Instance Hardness

This file contains the implementation of different measures of instance hardness.

deslib.util.instance_hardness.hardness_region_competence(neighbors_idx, labels, safe_k)[source]

Calculate the Instance hardness of the sample based on its neighborhood. The sample is deemed hard to classify when there is overlap between different classes in the region of competence.
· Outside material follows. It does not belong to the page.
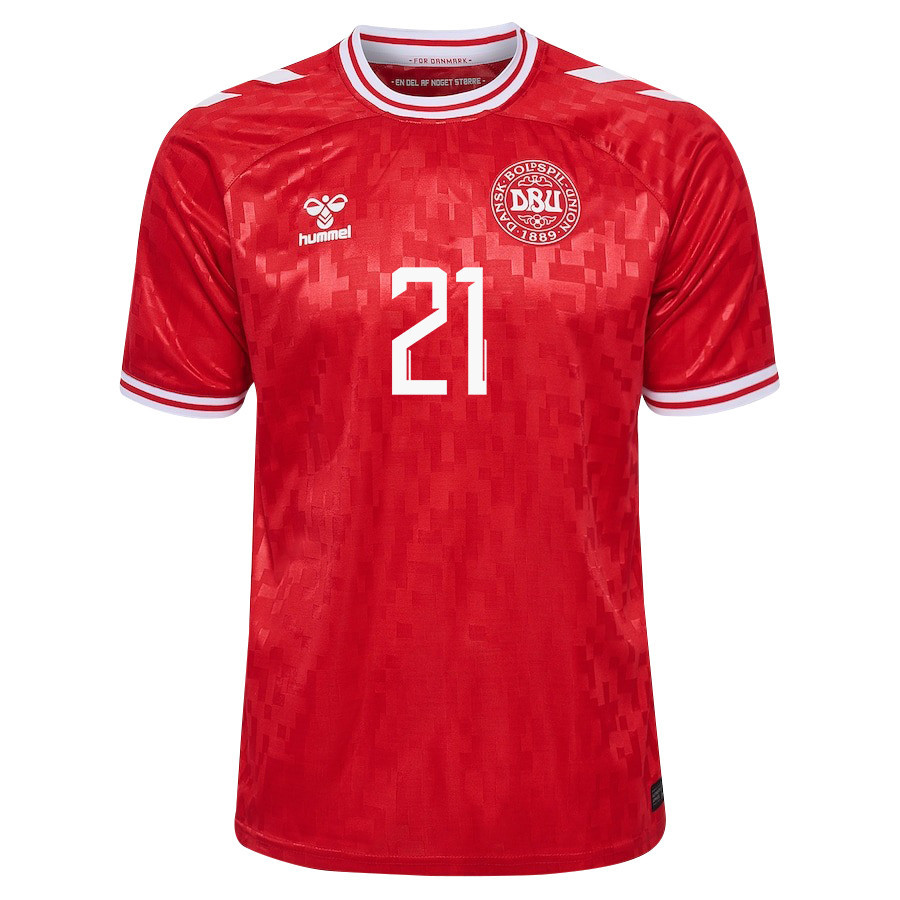 Anders Dreyer 21 Denmark National Team 2024/25 Home Men Jersey - Red cheap jerseys for sale - CheapJerseys.Shop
This method does not takes into account the target label of the test sample

This hardness measure is used to select whether use DS or use the KNN for the classification of a given query sample

Parameters:
neighbors_idx : array of shape = [n_samples_test, k]

Indices of the nearest neighbors for each considered sample

labels : array of shape = [n_samples_train]

labels associated with each training sample

safe_k : int

Number of neighbors used to estimate the hardness of the corresponding region

Returns:
hardness : array of shape = [n_samples_test]

The Hardness level associated with each example.

References

Smith, M.R., Martinez, T. and Giraud-Carrier, C., 2014. An instance level analysis of data complexity. Machine learning, 95(2), pp.225-256

deslib.util.instance_hardness.kdn_score(X, y, k)[source]

Calculates the K-Disagreeing Neighbors score (KDN) of each sample in the input dataset.

Parameters:
X : array of shape (n_samples, n_features)

The input data.

y : array of shape (n_samples)

class labels of each example in X.

k : int

Neighborhood size for calculating the KDN score.

Returns:
score : array of shape = [n_samples,1]

KDN score of each sample in X.

neighbors : array of shape = [n_samples,k]

Indexes of the k neighbors of each sample in X.

References

M. R. Smith, T. Martinez, C. Giraud-Carrier, An instance level analysis of data complexity, Machine Learning 95 (2) (2014) 225-256.